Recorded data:
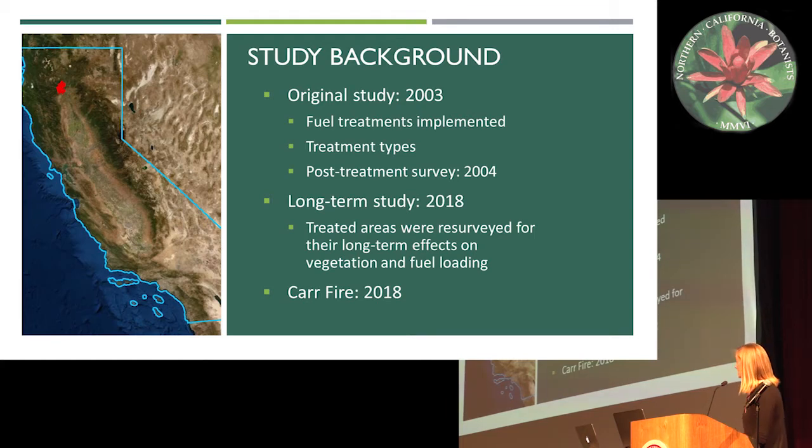Post-treatment surveys were done in 2004, and in 2018 the treated areas were revisited and resurveyed for their long-term effects on vegetation and fuel loading. Following the completion of the 2018 data collection, the Car Fire burned through the study site, which created an opportunity for us to come in after the fire and see how the treated areas fared in the face of wildfire.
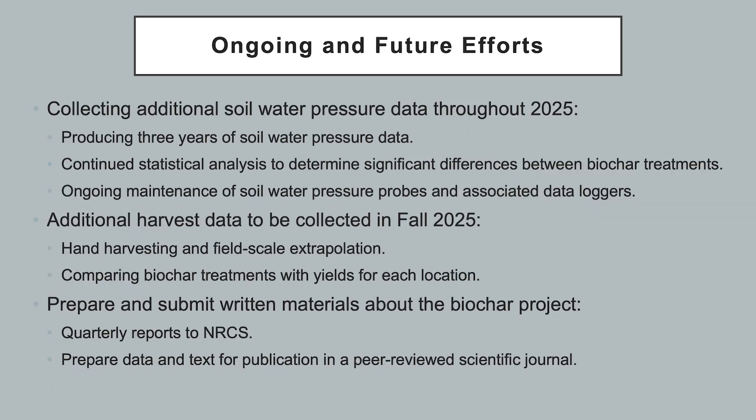In this biochar project, the Arkansas Discovery Farms program will be collecting soil water pressure data until the year 2025. This will produce three years of soil water pressure data, whereby we will continue to perform statistical analysis to determine significant differences between biochar treatments, along with continued maintenance of soil water pressure probes and associated data loggers.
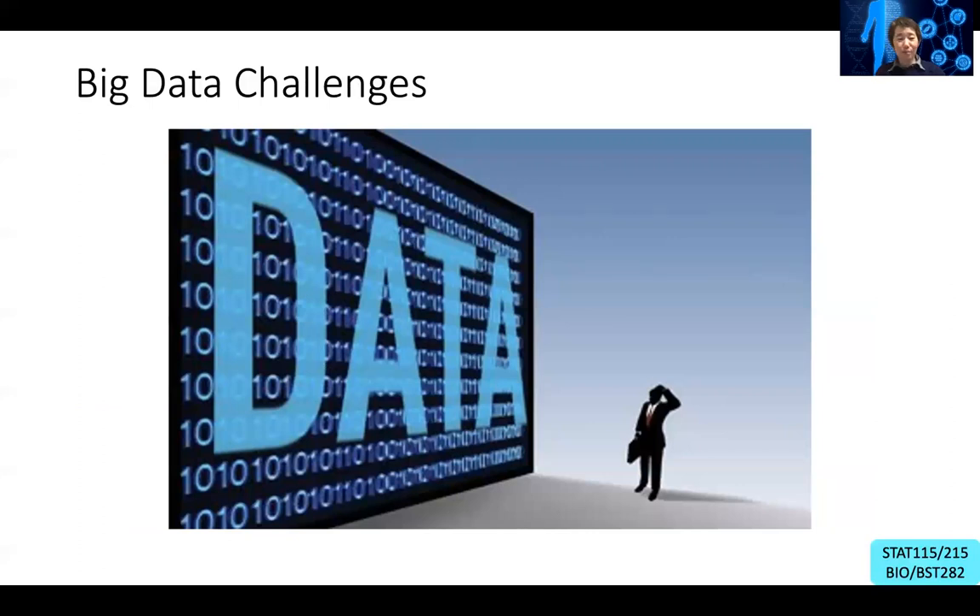That's a big motivation for biologists to learn more computational biology. And it also gives a very interesting opportunity for computer scientists, statisticians, physicists, and other scientists to develop computational solutions to solve this big data challenge in biology and medicine.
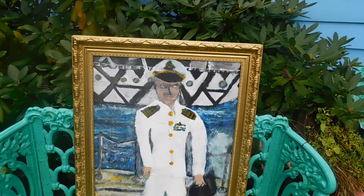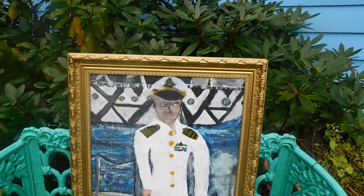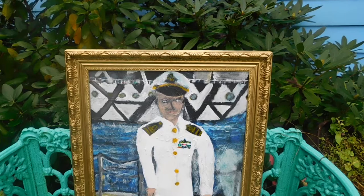Behind him, all these lines — what that is, is a destroyer painted in razzle-dazzle colors. During World War I and also World War II to a lesser degree, they used it as a form of camouflage, so it's difficult to determine the distance of the ships.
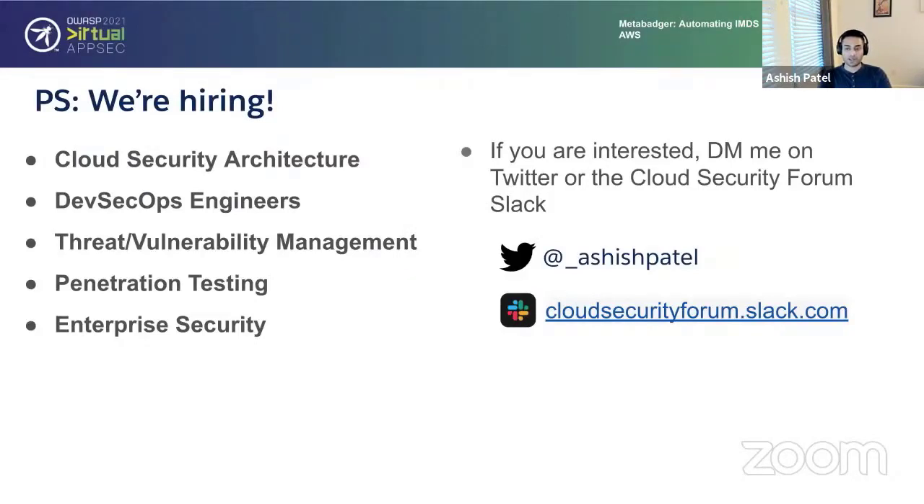Just a quick moment to call out that we are hiring at Salesforce across a few role types: security architecture, DevSecOps — which involves work like MetaBadger — threat and vulnerability management, pen testing, and enterprise security. If you have any interest, feel free to DM me on Twitter or join the Cloud Security Forum Slack channel, where there are a lot of interesting folks in this space solving the next big problems in cloud security.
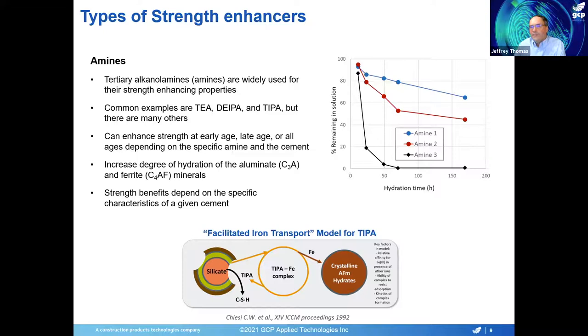One feature of these amines is that when they go into solution at the beginning, instead of being bound into the hydration products over time, a lot of them tend to remain in solution as shown in the plot here. After one week of hydration, for the red and blue amines shown here, at least 50% of what was added originally is still present in the pore solution and is therefore still able to activate the hydration.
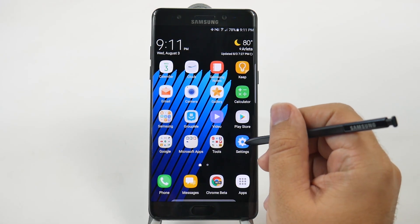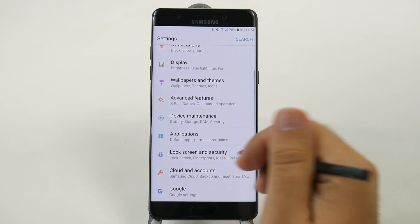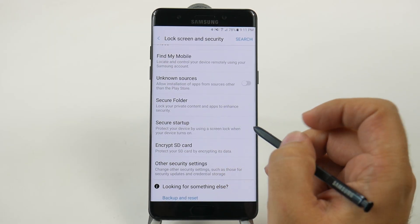So if you did happen to skip it, we're just going to show you where it is, and that is under Settings, Lock Screen and Security — swipe up and here it is: Secure Folder.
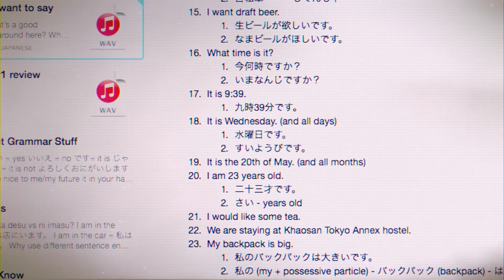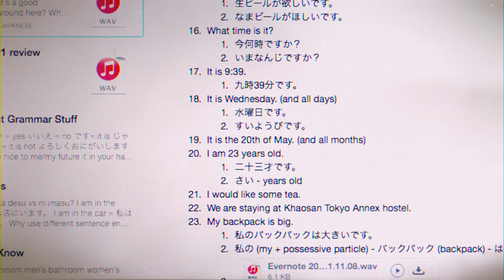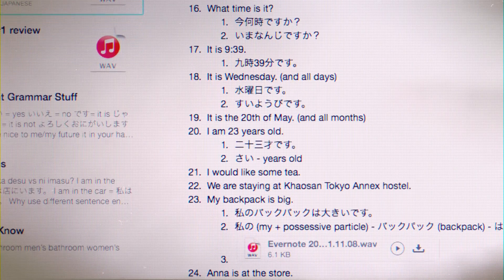The most important thing I did was create a list of sentences in Evernote that I wanted to be able to say, and that's what I want to recommend to you if you're learning a language. I created a big list of all the things I wanted to say, making it as varied as possible while focusing on sentences I would actually need to use in Japan.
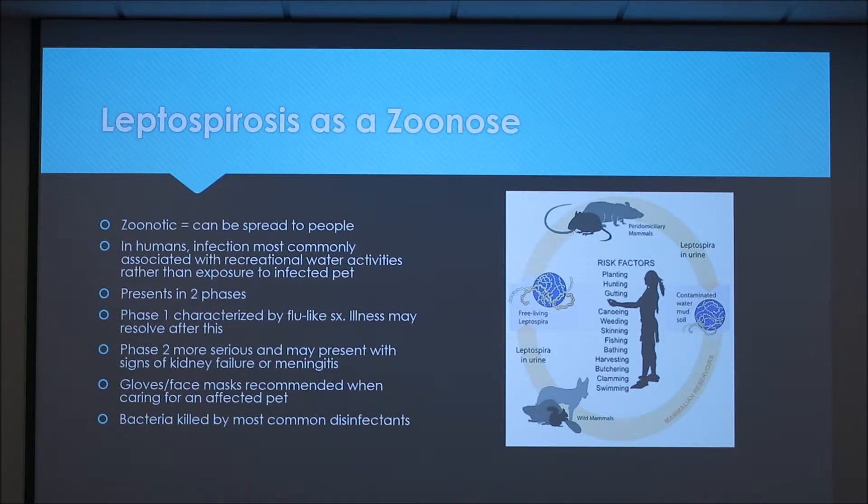It usually presents in two phases. The first is usually characterized by flu-like symptoms. After this first phase, sometimes the illness can resolve, but it can also go into a second phase that's more serious, presenting with signs of kidney failure or meningitis.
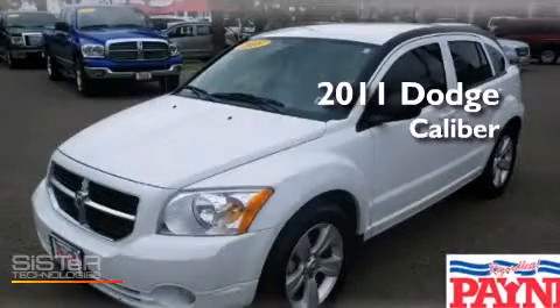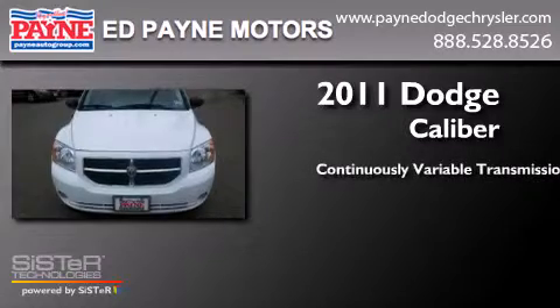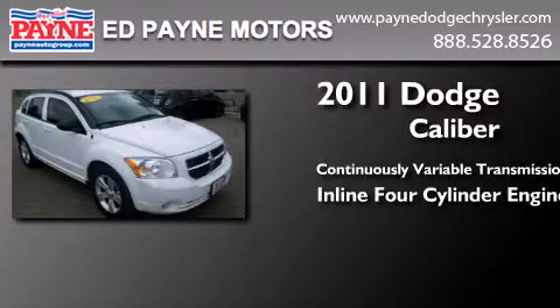This is a 2011 Dodge Caliber. This compact has a continuously variable transmission and an inline 4-cylinder engine.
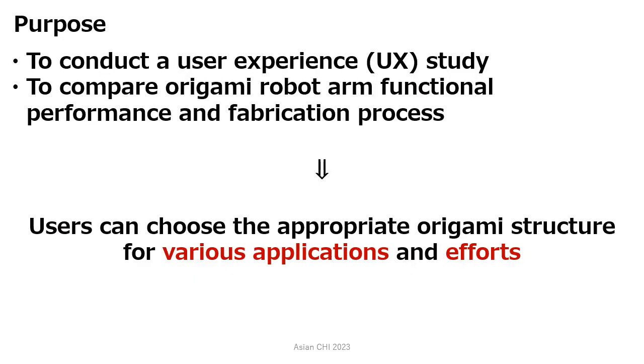Our purpose is to conduct a user experience study for the origami-inspired foldable robotic mechanisms and compare their functional performance and fabrication process with representative cylindrical origami structures. This work can help users choose the appropriate origami structure in the design of HCI devices for various applications.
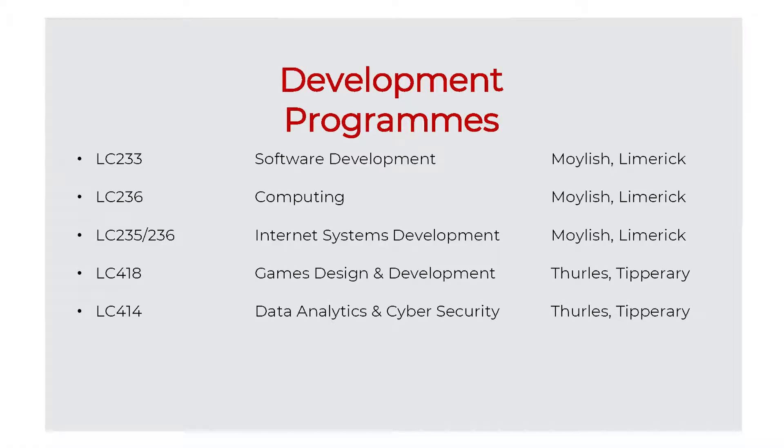LIT also offers a range of software development courses in both Moylish and Thirlis. Software development is a Level 8 Honours degree based in the Moylish campus. Computing is a Level 7, also in the Moylish campus. Internet systems development is both a Level 7 and Level 8 degree and is based in Moylish. Games design and development and data analytics and cyber security are both Level 8 degrees and are based in the Thirlis campus.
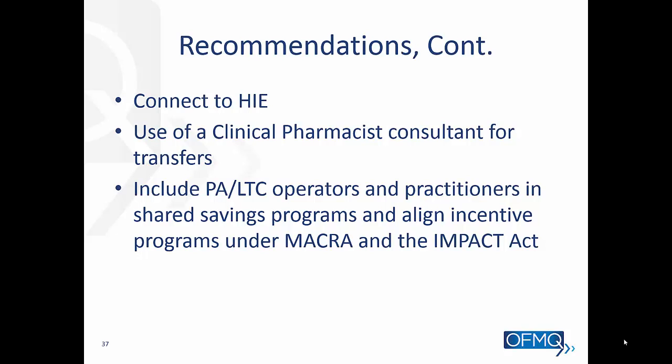Additional recommendations: connect to an HIE, which will help when residents are transferred to another healthcare setting. Use a clinical pharmacist consultant for transfers — if you have a new admit, a clinical pharmacist can be very beneficial to come in and do a medication reconciliation. And include post-acute and long-term care operators and practitioners in shared savings programs, aligning incentive programs under MACRA and the Impact Act.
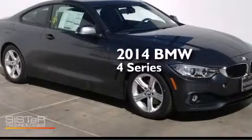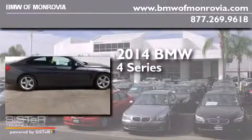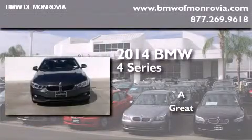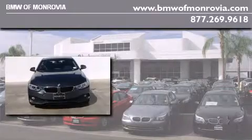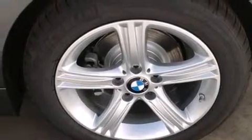This is a brand new 2014 BMW 4 Series. Its top features and packages include the premium package, the driver assistance package, BMW apps, a rear view camera, and comfort access.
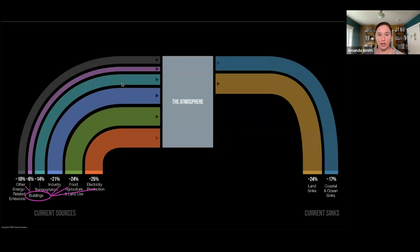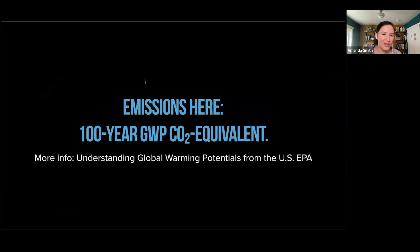I'm presenting emissions in what's called a 100-year global warming potential, CO2 equivalent. For gases other than carbon dioxide, we convert the amount emitted to a CO2 equivalent value in terms of global warming — that equivalent value tells us how much climate warming a different gas can do compared with what carbon dioxide does.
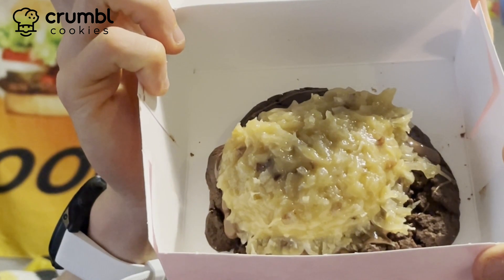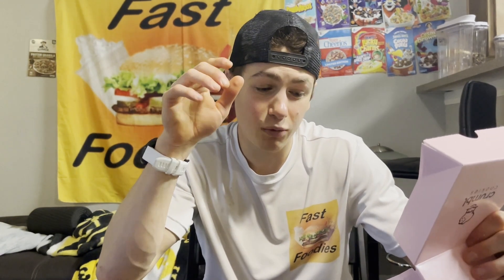Luckily, Crumble Cookies came through and this week they created a German chocolate cookie. My mom and grandma both make a mean German chocolate cake — my grandma's frosting is usually better, she loads it with sugar, but my mom's actual cake is more moist. It'll be interesting to see if this cookie can live up to 22 years of expectations. Let's try it!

▶ Work required: Write out exactly the lines between the start of the data and the line with "In this biochar", including both, but none of the pictures.

▶ Result of this exercise:
Post-treatment surveys were done in 2004, and in 2018 the treated areas were revisited and resurveyed for their long-term effects on vegetation and fuel loading. Following the completion of the 2018 data collection, the Car Fire burned through the study site, which created an opportunity for us to come in after the fire and see how the treated areas fared in the face of wildfire.
In this biochar project, the Arkansas Discovery Farms program will be collecting soil water pressure data until the year 2025. This will produce three years of soil water pressure data, whereby we will continue to perform statistical analysis to determine significant differences between biochar treatments, along with continued maintenance of soil water pressure probes and associated data loggers.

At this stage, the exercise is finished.